Hi Denni, "By Our Intellectual Property Correspondent: "
theinquirer.net
Wednesday 25 June 2003, 12:08
"OUR OLD PALS at the People's Daily report today that the Lenovo Group, also known as Legend, have developed a notebook motherboard and software which owe their origin to homegrown intellectual property rights.
According to the site, the notebook will use Intel's Pentium M microprocessor, an i885 chipset and Intel Pro Wireless wireless LAN support.
Legend Lenovo apparently has contributed a design for the mobo which is completely independent from anyone else's design and software which has been designed from the bottom up, without using anyone else's intellectual property.
The report claims that Legend-Lenovo will now apply for patents, perhaps as many as 20, on the technology."
theinquirer.net ===========================================
The projects that have gone overseas seem to be the older CPU duplicate projects. The new technology groups in the USA seem to be absorbing around 65% to 70% (my guess) of those who were in redeployment from the older duplicate projects. Most layoffs appear to be in IT.
Regarding new technology, most is done in the USA. It took one foreign country about 30 years before they were able to successfully develop new Intel technology.

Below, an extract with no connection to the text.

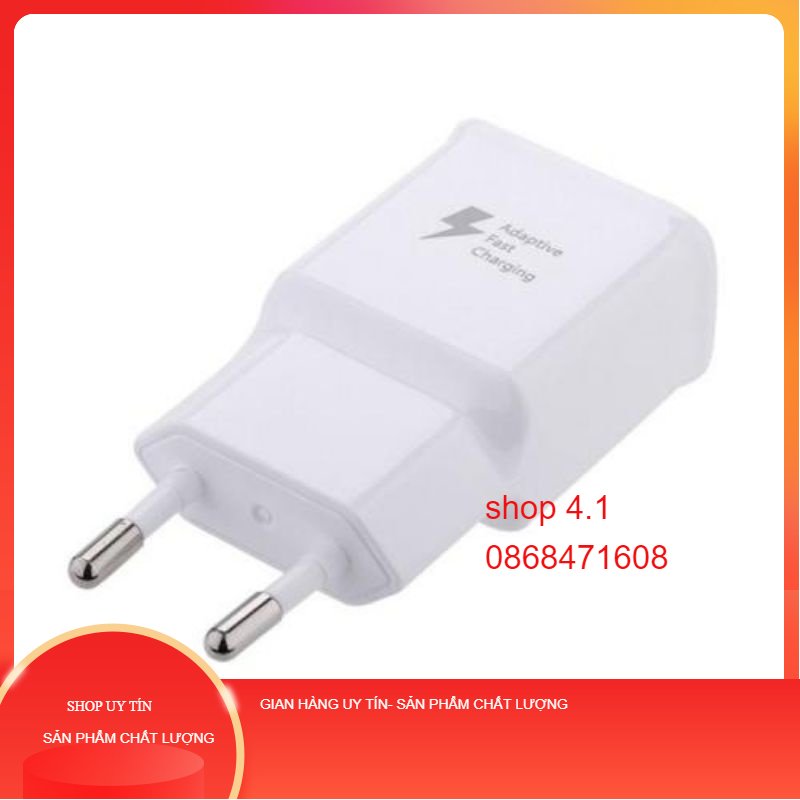 cốc sạc samsung 1A ,2A , sạc nhanh 2.0 3.0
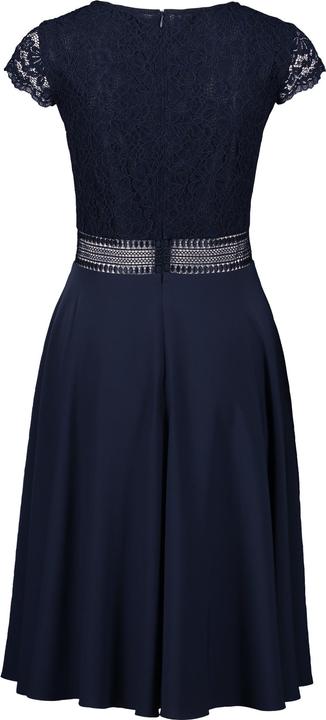 Produktbild Vera Mont Abendkleid mit Spitze (40)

Given my statistics above, I don't believe the engineering positions are the target (given it appears the top 65% to 70% can move to new technology groups right here in the USA).
It's the IT positions that appear to be the target for overseas it seems to me, across the board at all companies. And some of the mature/old/duplicate projects in old technologies.
If you look at the auto industry, the main design centers continue to be the USA, last I checked.
My concern from a competitive standpoint for this country is: what happens to the USA when some of the research centers move offshore (e.g. MS-Beijing research center). I'm making an important distinction between design centers and research centers. So, I'm not talking Intel's stuff, I'm talking Microsoft's stuff. (Intel just has chipsets in China & one project of an older CPU in India - development center, not pure research center.)
Am curious about the impact to Microsoft in having a pure research center in China - if there's a belief that open source is the way to go, then there's no problem, but is that the assumption and if so why? I've noticed no industry figure has discussed the ramifications of a Microsoft research center moving to China. Why?